Start of Data under study

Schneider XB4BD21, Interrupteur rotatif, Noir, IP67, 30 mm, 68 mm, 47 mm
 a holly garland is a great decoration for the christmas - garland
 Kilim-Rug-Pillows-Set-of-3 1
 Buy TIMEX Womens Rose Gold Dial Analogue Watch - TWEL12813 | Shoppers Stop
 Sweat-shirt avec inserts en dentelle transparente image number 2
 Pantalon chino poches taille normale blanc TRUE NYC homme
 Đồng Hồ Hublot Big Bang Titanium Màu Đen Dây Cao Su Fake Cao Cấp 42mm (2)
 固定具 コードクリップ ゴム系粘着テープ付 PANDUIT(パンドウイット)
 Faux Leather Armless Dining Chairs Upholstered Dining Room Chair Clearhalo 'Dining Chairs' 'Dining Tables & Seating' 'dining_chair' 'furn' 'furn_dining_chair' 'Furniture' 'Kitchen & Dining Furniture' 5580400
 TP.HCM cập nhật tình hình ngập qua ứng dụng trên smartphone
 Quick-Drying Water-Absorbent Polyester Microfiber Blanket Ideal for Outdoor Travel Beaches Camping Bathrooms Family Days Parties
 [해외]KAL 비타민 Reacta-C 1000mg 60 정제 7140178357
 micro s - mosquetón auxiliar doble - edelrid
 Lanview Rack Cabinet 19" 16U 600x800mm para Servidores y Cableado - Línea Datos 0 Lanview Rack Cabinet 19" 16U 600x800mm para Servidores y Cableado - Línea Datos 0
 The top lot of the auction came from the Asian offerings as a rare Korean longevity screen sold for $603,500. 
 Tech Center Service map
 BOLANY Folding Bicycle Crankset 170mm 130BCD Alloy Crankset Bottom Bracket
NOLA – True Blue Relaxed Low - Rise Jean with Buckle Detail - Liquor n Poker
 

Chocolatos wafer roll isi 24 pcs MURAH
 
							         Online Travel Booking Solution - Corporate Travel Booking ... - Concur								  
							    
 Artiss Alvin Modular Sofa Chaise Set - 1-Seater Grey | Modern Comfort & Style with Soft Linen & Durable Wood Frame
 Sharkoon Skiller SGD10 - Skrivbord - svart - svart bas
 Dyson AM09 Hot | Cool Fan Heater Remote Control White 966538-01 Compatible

End of Data under study

**What to do**.
In the entries above, count the lines that include "Travel" and write nothing but that number.

**Exercise response**.
2